As Professor Corncob says, read the whole thing. No really. It's quite good; and from a different source, would elicit some hearty "well-said"s for its decency and clarity. But, alas, it comes from one of the chief propagandists of the Iraq Operation; more to the point, it comes from someone who should have known better -- who should have seen this sort of shit coming -- all along.

Now, first, Hitchens, what the fuck do you mean "this time, someone really does have to be fired"? Do you honestly expect it? Just who was fired, beyond peons, for Abu Ghraib, which you first called a "Moral Chernobyl", then shamelessly excused as "not as bad as Saddam"? Answer: no one. Who was fired for the looting of the ammo dumps and antiquities? Who was fired for cooking the intel books that got us into the war? Who, goddamn you. So what makes you think it'll happen this time?

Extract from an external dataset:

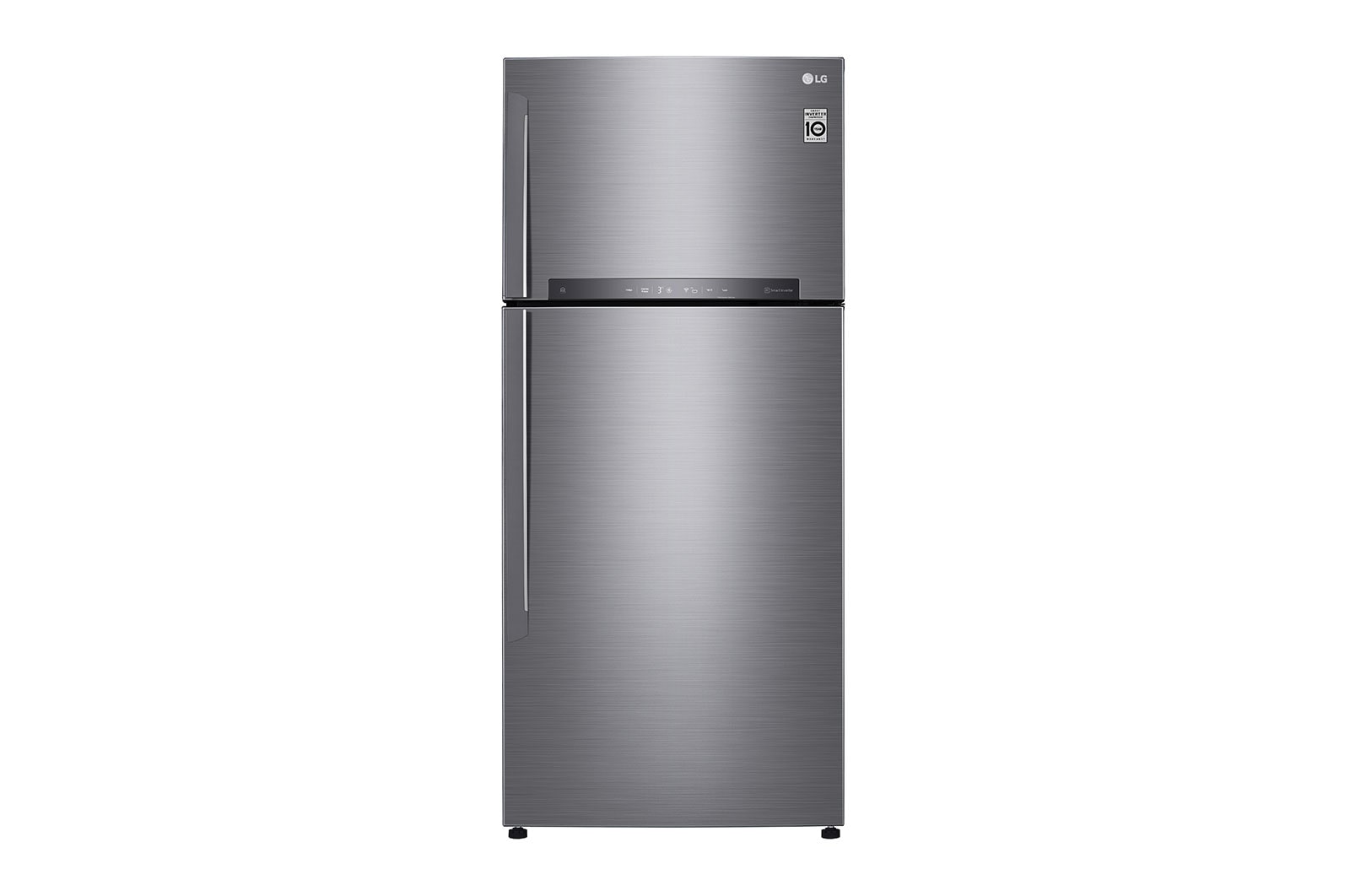 LG 506L, 1 Star, Smart Inverter Compressor, Wi-Fi, Hygiene Fresh+™, Shiny Steel Finish, Frost-Free Double Door Refrigerator, GN-H702HLHM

Everything Hitchens ever needed to know about his Beloved Liberators the Bush Administration is right in front of his face. Indeed, it reveals itself even from his own pen (or keyboard). Read this ancedote Hitchens himself uses to analogise the Administration's desire to propagandise:

I remember reading, decades ago, of a moment when Richard Nixon had made some desperate speech from his bunker and had then arranged for telegrams of support to be sent to the White House. And I wondered—did he eagerly tear them open and turn moistly to his aides, saying, "See: You can always count on the horse sense of the American people"? Was he, in other words, utterly and happily insulated and yet alarmingly insane?

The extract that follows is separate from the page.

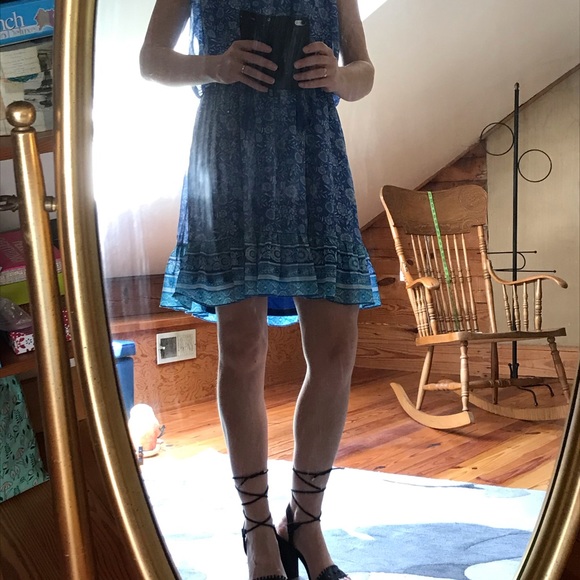 Lily Rose Blue Tassel Dress, NWT, Size L - Picture 16 of 16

Yes he was, and so were his aides. And many of the worst of Nixon-Ford's lackeys are now... part of the Bush Administration. Cheney and Rumsfeld, the major architects of the stupid, cynical and bungled Iraq operation, learned from the book of Richard Fucking Nixon, so what did sensible people do when they proposed, so hurriedly, the Iraq War? They opposed it, is what, on the grounds that the Administration was composed of opportunists and kleptocrats who were bound to fuck everything up good. That's why the anti-war people never bought the humanitarian pro-war argument. Look who it came from! In what fucking universe do Donald "Let Me Shake Your Hand, Saddam" Rumsfeld and Dick Cheney qualify as humanitarian? Dirty tricks, propaganda, black bag shit, colluding with dictators when it makes a certain political class rich: these things inevitably come from the likes of Cheney and Rumsfeld.

And what about the neocons? Hitchens would say that the Wolfowitzes and Perles dissented from Nixon, and so contradict my "heirs of Nixon" calculus. Actually, they do not; rather, they reinforce it. Paul Wolfowitz, Richard Perle, Richard Pipes and pretty much the whole gamut of Wohlstetter's lampreys only were opposed to Nixon-Ford-Kissinger foriegn policy in the instances when, in their view, it wasn't crazy and bloody and jingoist and deceitful enough. The fact that the Bush Administration planted fake news in the Iraqi press, the story that so vexes Hitchens that he almost appears to have awakened from his four-year drunk, is the inevitable historical product to be expected from the jackasses who comprised Team B. At least, some of us expected it. Fools like Hitchens affect to be blindsided by it.

I wonder what Lenin's take will be. Sonic's is already up.

Update: Why will no heads roll over the planted Iraq "journalism" (and they won't, Steven Hadley said as much Sunday morning)? The answer is ideological. Read this. Hitchens might have thrown in with other former Trotskyists, but under the existing left-right conditions in the US political climate, he ended up with a bunch of Stalinists. And came to resemble them.